Amaneció con más recuerdos.
El de la tormenta
y la absurda manera
en que nos acercamos a ella.
Amaneció con más rescoldos
sobre los que ni con besos
ni caricias de las que apagan la luz,
seríamos capaces de hacer lumbre.
Pero amaneció.
De una manera diferente.
A pesar de charcos y truenos rezagados
por no saber hablar a tiempo.
Y nos miramos, como se mira cuando se quiere.

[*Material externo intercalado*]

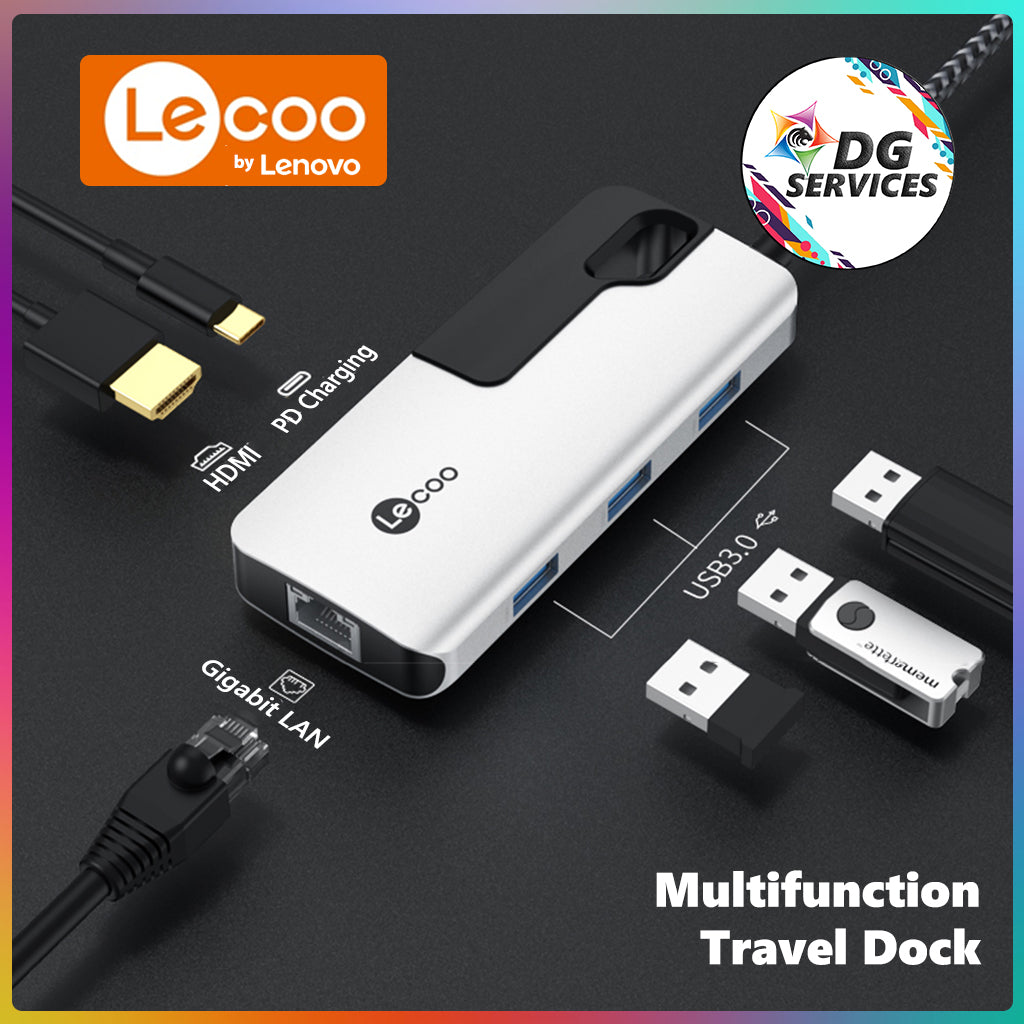 Lecoo 6 in 1 Type C Portable Dock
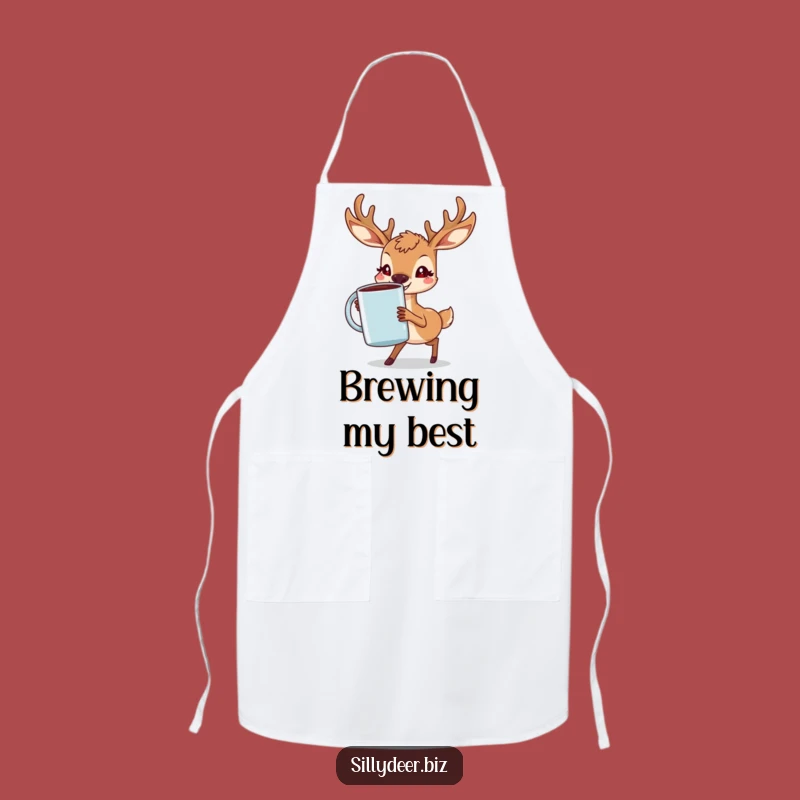 Funny Deer Coffee Apron: Cook with Determination and Woodland Charm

Como se mira cuando se ama,
y no se espera nada más.
Y entonces me miré al espejo.
Y me tuve que mirar dos veces.
Mientras,
con tus manos,
las que enfrían mi café
cada mañana,
esas que helaron mi corazón,
hiciste fuego a base de caricias,
donde en tanto buscaba unas manos
que no llegué a encontrar,
noté el calor de antes de la tormenta.
Y miré de nuevo en el espejo
de los recuerdos que no se desean tener,
los de para luego,
los del parloteo porque sí.
Y tuve que mirar dos veces.
Fue cuando ya no había caricias,
cuando encontré las manos donde pude amanecer.
Transición hacia los diamantes en el mar.
Transmutación de lo absurdo.
La que da permiso al sol.
En un descuido de mi mente
eché la vista varios espejos más atrás,
donde tú y yo nos amábamos,
un día sí y otro también.
Antes de que empezara a chispear.
Antes de que con tus manos tuvieras que hacer lumbre.
Y yo, quitara todos los espejos de casa.